## PROBLEM
Please copy the data below exactly; none of the pictures in it belong in the copy.

## DATA PROVIDED

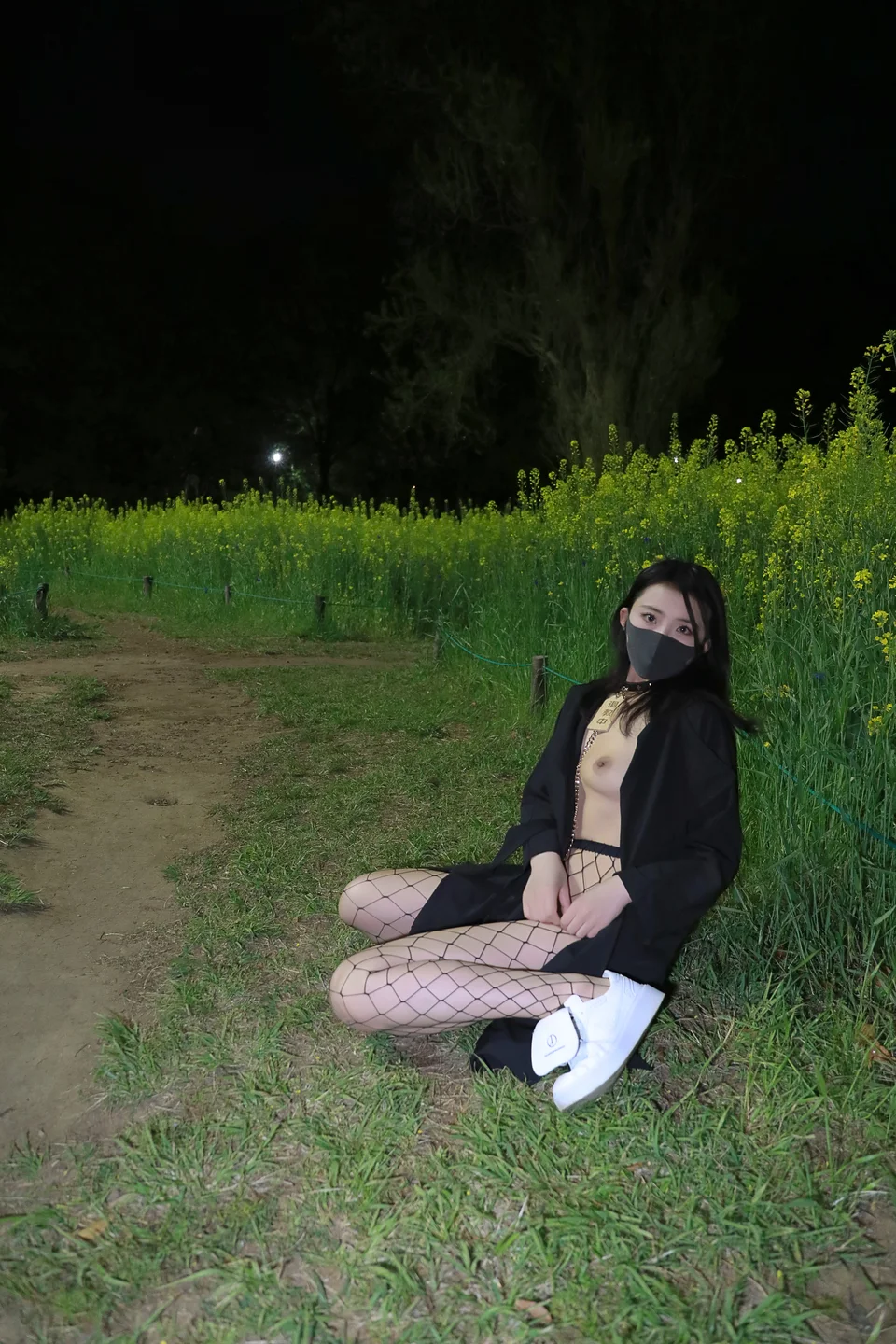 李佳 - No.011 户外带文字 [47P-256MB] tg@simisebaisi 【丝足阁】014.webp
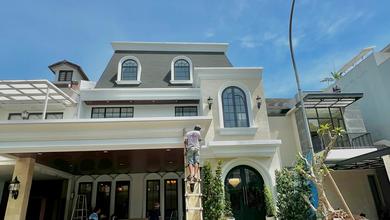 Rumah Elegan di BSD City, Tangerang, 5 KT, LT 200m²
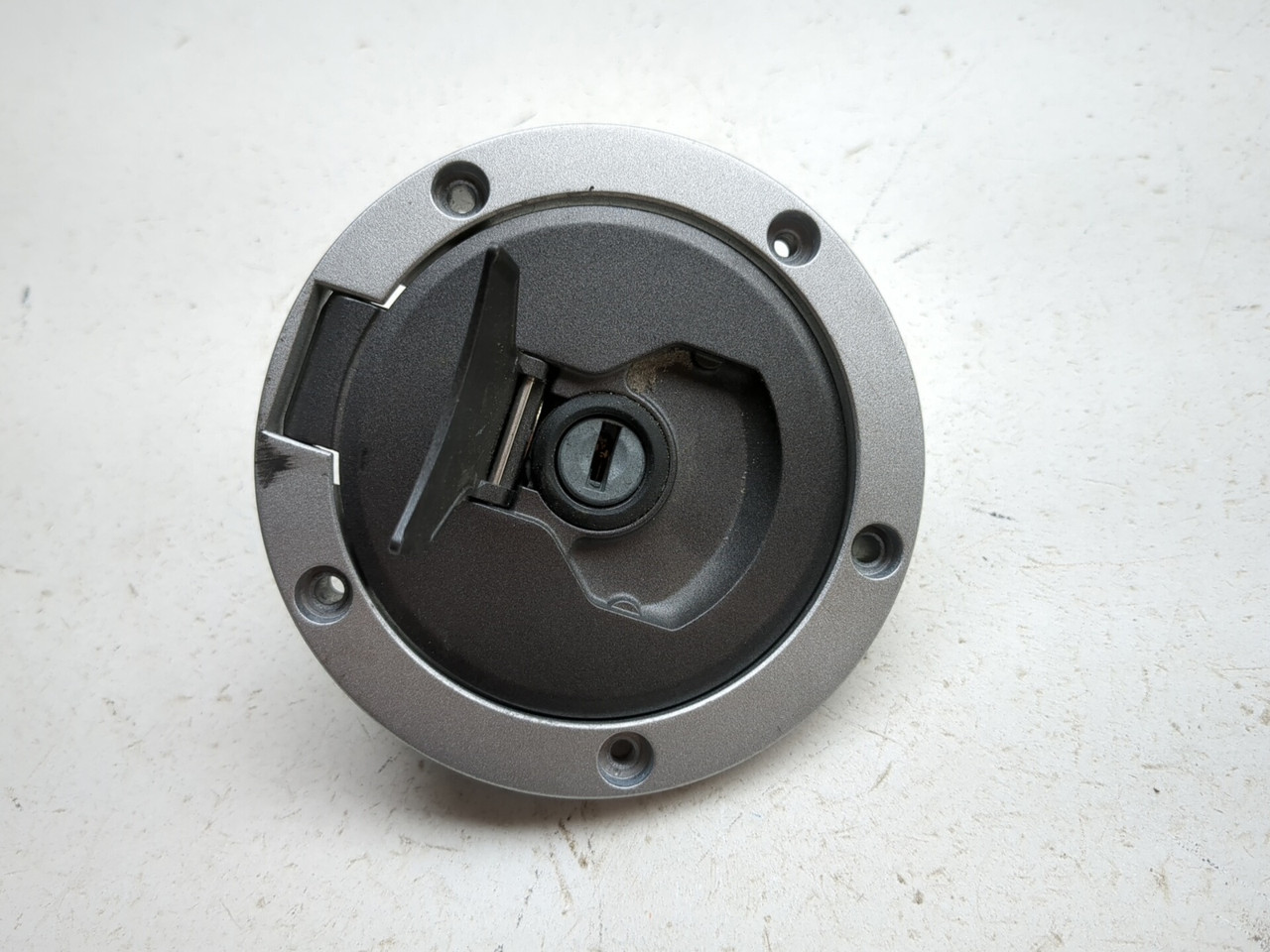 17-20 Honda CRF250 CRF250RL Fuel Tank Gas Petrol Cap w/ Key 17620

## EXERCISE ANSWER
 李佳 - No.011 户外带文字 [47P-256MB] tg@simisebaisi 【丝足阁】014.webp
 Rumah Elegan di BSD City, Tangerang, 5 KT, LT 200m²
 17-20 Honda CRF250 CRF250RL Fuel Tank Gas Petrol Cap w/ Key 17620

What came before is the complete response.